Word for word, reproduce the listing that follows, excluding any pictures it contains.

——————

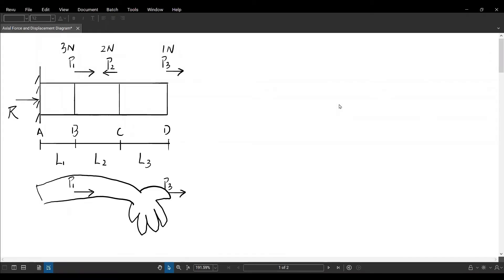Hello everybody. In this video, I'm going to explain what is axial force diagram and what is axial displacement diagram. I'm using a cantilever beam example here. We have a beam AD and there are three point loads applied at point B, point C, and point D.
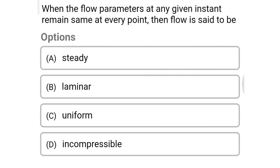Next question: when the flow parameters at any given instant remain the same at every point, then the flow is said to be — Option A: steady flow. Option B: laminar flow. Option C: uniform flow. Option D: incompressible flow. The correct answer is Option C, uniform flow.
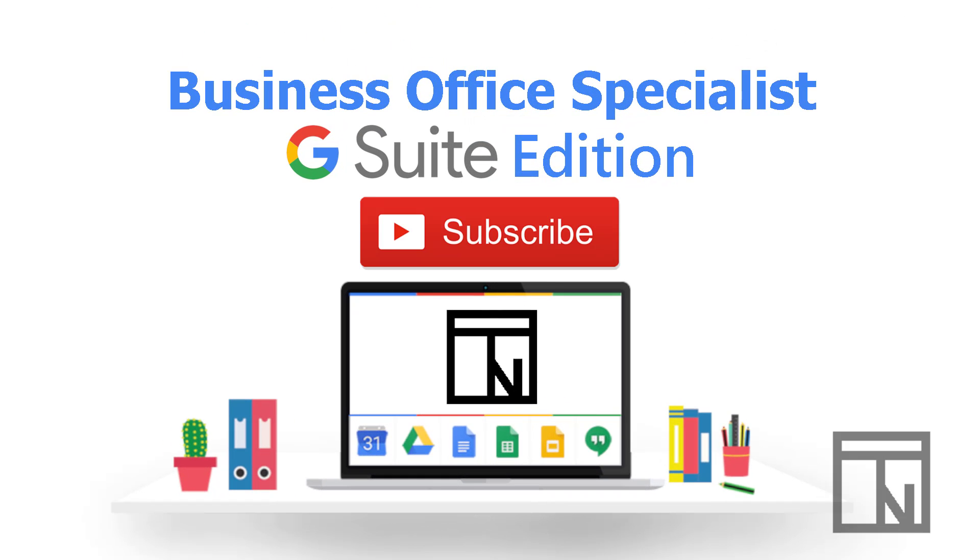To learn more tools and features in the Google suite family of apps, check out more of my videos on YouTube or visit ToriNorman.com.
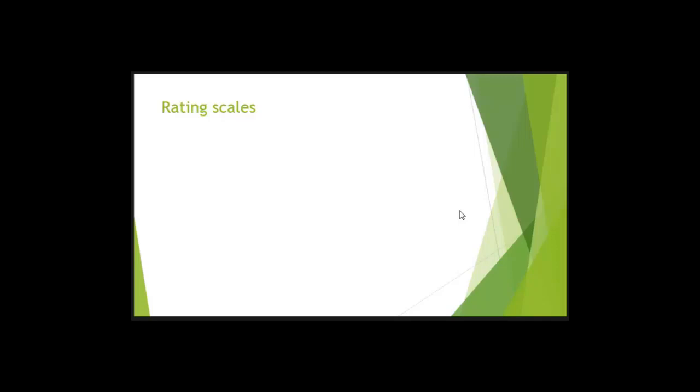Let's look at rating scales. Rating scales have the same underlying principles that we talked about in checklists and in frequency counts, and that is that it needs to be objectively defined what it is you're measuring. So all of those concepts that we've discussed with frequency counts and with checklists apply to a rating scale.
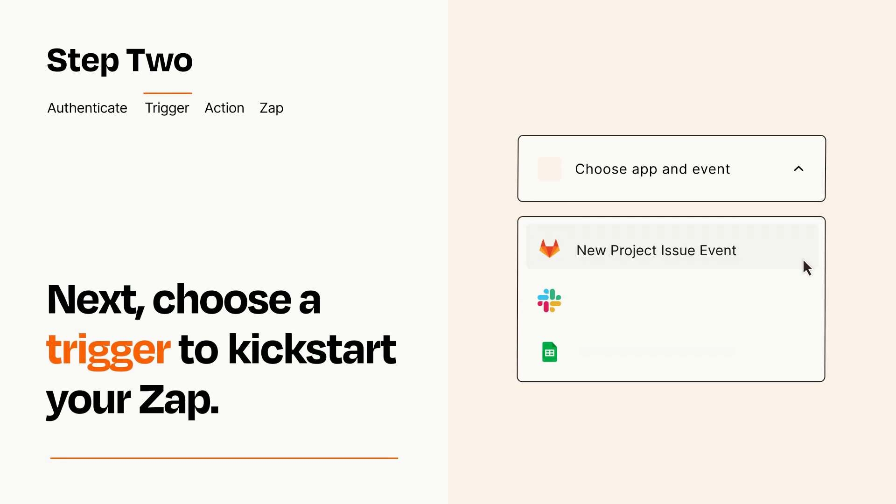Now let's set up your trigger, which is the event that starts your Zap. Pick the trigger event that you want from the list.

——————

## Exercise solution:
Hello everybody. In this video, I'm going to explain what is axial force diagram and what is axial displacement diagram. I'm using a cantilever beam example here. We have a beam AD and there are three point loads applied at point B, point C, and point D.
Next question: when the flow parameters at any given instant remain the same at every point, then the flow is said to be — Option A: steady flow. Option B: laminar flow. Option C: uniform flow. Option D: incompressible flow. The correct answer is Option C, uniform flow.
To learn more tools and features in the Google suite family of apps, check out more of my videos on YouTube or visit ToriNorman.com.
Let's look at rating scales. Rating scales have the same underlying principles that we talked about in checklists and in frequency counts, and that is that it needs to be objectively defined what it is you're measuring. So all of those concepts that we've discussed with frequency counts and with checklists apply to a rating scale.
Now let's set up your trigger, which is the event that starts your Zap. Pick the trigger event that you want from the list.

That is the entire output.